#### [Problem statement]
Return nothing but the lines from the one with "Premier Colored Diamonds" through the one with "Nettisivuston hiilijalanjälkilaskuri" in the data below, word for word and without pictures.

#### [Supplied records]
★ ★ ★

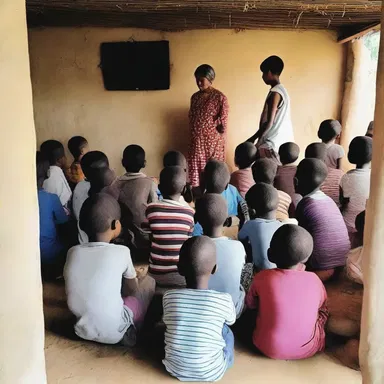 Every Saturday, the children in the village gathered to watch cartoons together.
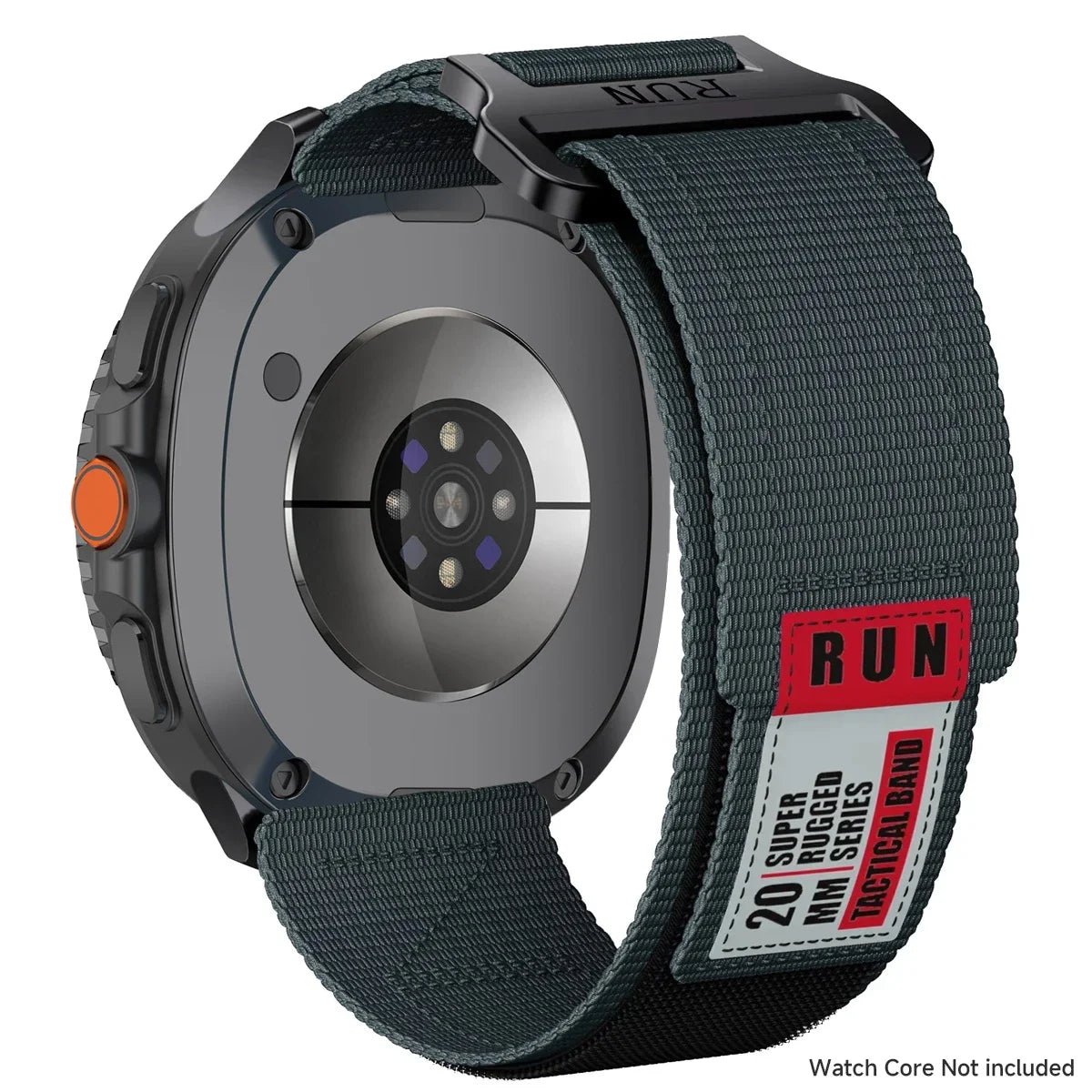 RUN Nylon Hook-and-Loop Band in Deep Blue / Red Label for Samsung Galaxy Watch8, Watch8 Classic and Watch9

★ ★ ★

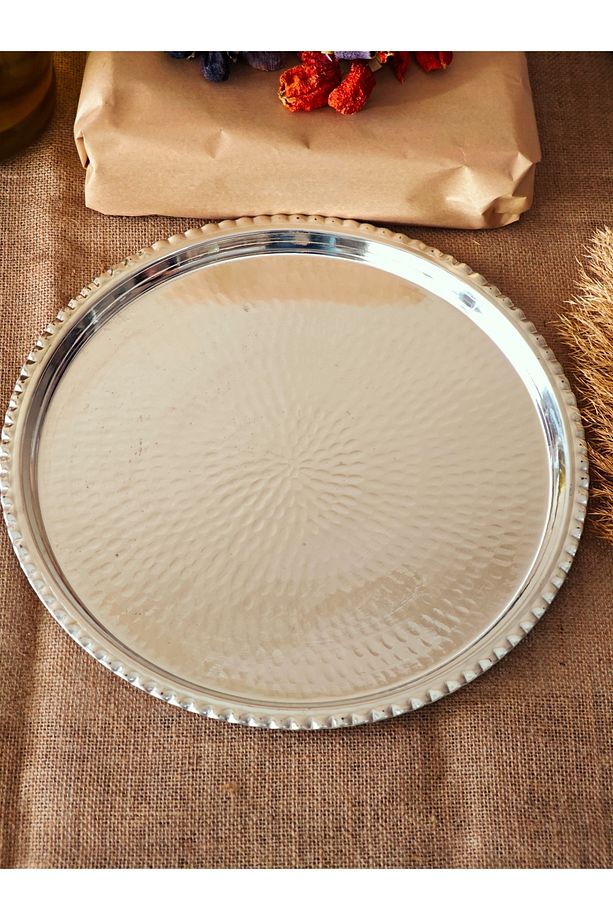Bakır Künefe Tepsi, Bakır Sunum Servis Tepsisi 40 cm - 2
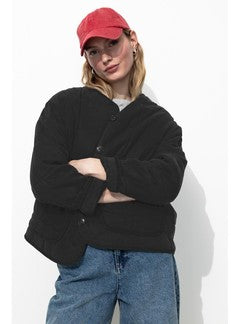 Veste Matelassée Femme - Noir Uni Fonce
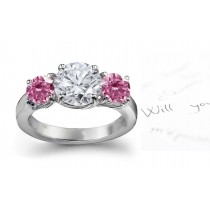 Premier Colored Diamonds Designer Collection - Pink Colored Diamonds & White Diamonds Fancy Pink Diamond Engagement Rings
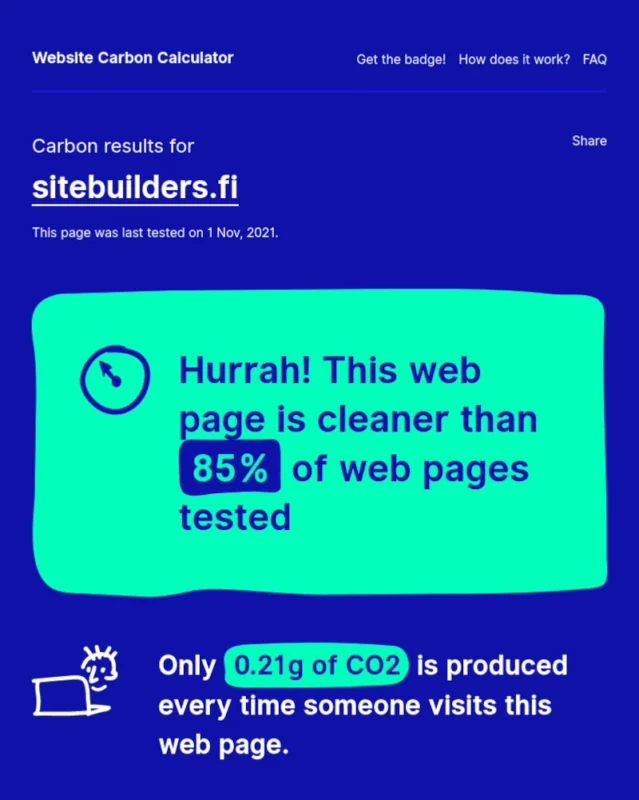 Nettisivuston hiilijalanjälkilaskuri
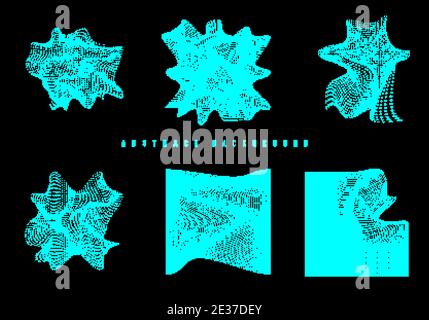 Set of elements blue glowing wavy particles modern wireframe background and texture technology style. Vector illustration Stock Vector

★ ★ ★

#### [Written solution]
 Premier Colored Diamonds Designer Collection - Pink Colored Diamonds & White Diamonds Fancy Pink Diamond Engagement Rings
 Nettisivuston hiilijalanjälkilaskuri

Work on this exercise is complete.